I just need a better understanding!
@ganeshie8
@Hero
@Microrobot Can u help please :)
When you group it is more organized, allowing there to be a lower chance of you making errors, it allows shows the steps done perfectly.
Thank youuu
Wait it says to provide an example
So it's both needed
yeah im gonna find an example
like 10x^2 + 8x+ 4 ?
@crystelle, Did you make that one up?
yes!
You shouldn't have....because it doesn't factor....at least not the way you need it to. If you want it to factor properly you have to make sure the value of the discriminant is square. Otherwise it won't factor.
Oh how do I make number that will factor?
Are you familiar with the discriminant?
a little bitt..my teacher was explaing a lil
\[b^2 - 4ac\]
All you have to do is make sure that whatever values of a, b, c you pick if \(b^2 - 4ac\) produces a perfect square, then the quadratic will be factorable.
Ohhh okay soo hm lemme see
For example, suppose a =3 b = 2, c = -1 Then 2^2 - 4(3)(-1) = 4 + 12 = 16 And 16 is a perfect square.
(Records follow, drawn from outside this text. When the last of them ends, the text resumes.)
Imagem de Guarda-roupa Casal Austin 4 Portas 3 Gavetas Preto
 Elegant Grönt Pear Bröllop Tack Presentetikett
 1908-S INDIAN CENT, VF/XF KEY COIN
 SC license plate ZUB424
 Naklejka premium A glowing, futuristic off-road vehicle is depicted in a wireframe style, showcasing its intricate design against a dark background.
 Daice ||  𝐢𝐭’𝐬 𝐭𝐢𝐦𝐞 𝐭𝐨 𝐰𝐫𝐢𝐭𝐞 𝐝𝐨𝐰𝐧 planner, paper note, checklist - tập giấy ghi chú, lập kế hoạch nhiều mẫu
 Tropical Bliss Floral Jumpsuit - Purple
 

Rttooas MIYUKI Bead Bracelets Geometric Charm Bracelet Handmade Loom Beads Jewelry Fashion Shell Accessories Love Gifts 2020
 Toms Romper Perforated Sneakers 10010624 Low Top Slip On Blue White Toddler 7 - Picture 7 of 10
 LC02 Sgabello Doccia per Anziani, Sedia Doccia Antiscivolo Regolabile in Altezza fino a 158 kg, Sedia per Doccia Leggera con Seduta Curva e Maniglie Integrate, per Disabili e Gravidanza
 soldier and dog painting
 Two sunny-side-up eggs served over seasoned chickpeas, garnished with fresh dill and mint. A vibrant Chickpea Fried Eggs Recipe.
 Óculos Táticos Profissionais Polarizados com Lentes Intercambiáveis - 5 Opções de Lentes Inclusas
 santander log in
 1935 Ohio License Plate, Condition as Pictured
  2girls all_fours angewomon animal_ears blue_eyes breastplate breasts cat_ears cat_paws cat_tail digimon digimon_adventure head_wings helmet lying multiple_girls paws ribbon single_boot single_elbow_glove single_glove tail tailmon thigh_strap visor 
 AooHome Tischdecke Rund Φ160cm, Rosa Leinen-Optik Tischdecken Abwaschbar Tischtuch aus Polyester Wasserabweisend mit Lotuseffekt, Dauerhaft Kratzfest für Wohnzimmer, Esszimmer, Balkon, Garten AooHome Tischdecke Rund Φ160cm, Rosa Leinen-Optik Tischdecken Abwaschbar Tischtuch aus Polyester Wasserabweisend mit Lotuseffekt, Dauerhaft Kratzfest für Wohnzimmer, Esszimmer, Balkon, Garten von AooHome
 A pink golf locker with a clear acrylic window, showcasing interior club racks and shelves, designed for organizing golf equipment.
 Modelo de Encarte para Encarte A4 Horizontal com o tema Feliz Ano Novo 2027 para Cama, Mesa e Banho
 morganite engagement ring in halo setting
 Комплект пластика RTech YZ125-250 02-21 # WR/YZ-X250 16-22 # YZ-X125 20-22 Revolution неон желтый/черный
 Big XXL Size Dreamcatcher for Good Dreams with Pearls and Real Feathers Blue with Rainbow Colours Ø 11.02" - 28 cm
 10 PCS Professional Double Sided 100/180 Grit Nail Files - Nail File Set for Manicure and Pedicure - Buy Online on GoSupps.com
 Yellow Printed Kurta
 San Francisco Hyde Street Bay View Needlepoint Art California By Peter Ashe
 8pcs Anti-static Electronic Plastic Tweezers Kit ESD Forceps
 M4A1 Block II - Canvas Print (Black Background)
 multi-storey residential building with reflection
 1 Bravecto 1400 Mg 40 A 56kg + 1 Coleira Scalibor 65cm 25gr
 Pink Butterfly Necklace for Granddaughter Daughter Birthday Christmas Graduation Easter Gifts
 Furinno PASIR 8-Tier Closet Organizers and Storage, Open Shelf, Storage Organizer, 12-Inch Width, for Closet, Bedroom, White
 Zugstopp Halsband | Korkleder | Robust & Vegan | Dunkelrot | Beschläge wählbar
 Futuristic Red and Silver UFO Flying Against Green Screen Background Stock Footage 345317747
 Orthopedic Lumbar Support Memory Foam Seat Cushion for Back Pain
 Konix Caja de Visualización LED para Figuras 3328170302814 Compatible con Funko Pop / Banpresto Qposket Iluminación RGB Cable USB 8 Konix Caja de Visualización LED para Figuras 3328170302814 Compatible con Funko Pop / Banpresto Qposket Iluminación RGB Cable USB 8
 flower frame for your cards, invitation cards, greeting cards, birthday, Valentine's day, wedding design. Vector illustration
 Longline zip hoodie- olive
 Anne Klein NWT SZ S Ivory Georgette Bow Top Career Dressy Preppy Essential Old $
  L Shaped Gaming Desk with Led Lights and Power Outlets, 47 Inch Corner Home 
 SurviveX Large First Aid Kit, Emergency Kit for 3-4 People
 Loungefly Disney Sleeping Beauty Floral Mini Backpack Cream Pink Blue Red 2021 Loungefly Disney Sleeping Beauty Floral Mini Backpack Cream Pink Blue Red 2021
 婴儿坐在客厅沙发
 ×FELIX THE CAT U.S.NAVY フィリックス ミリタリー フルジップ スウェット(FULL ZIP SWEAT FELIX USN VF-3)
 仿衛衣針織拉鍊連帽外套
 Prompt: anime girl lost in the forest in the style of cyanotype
Therefore, you can write the following quadratic 3x^2 + 2x - 1 And it is factorable I created this one myself
To factor it by grouping you would have to think of two numbers that multiplied to get -3, yet added to get 2. For this one, those two numbers would obviously be 3 and - 1 So you replace 2 with 3 - 1 3x^2 + 2x - 1 becomes 3x^2 + (3 - 1)x - 1 Then you distribute the x to get 3x^2 + 3x - 1x - 1 Then factor the first two terms to get 3x(x + 1) and the last two terms to get -1(x + 1) And as you can see x + 1 is common to both factorizations 3x(x + 1) - 1(x + 1) So factor out x + 1 : (x + 1)(3x - 1)
Any questions?
I undertand it! Thanks so muchhH!! ur really good in math
I learned some of these techniques on this site.
wow! thats pretty tightt
hmm im a little confused on one part
So you replace 2 with 3 - 1 3x^2 + 2x - 1 becomes 3x^2 + (3 - 1)x - 1
@Hero
Correct
no that is what u said but i dont get the x -1 at the end
2x = (3 - 1)x
2 = 3 - 1
All I did was replace 2 with 3 - 1 The x and -1 were already there
\[3x^2 + \color\red{2x} - 1\] \[3x^2 + \color\red{(3 - 1)x} - 1\]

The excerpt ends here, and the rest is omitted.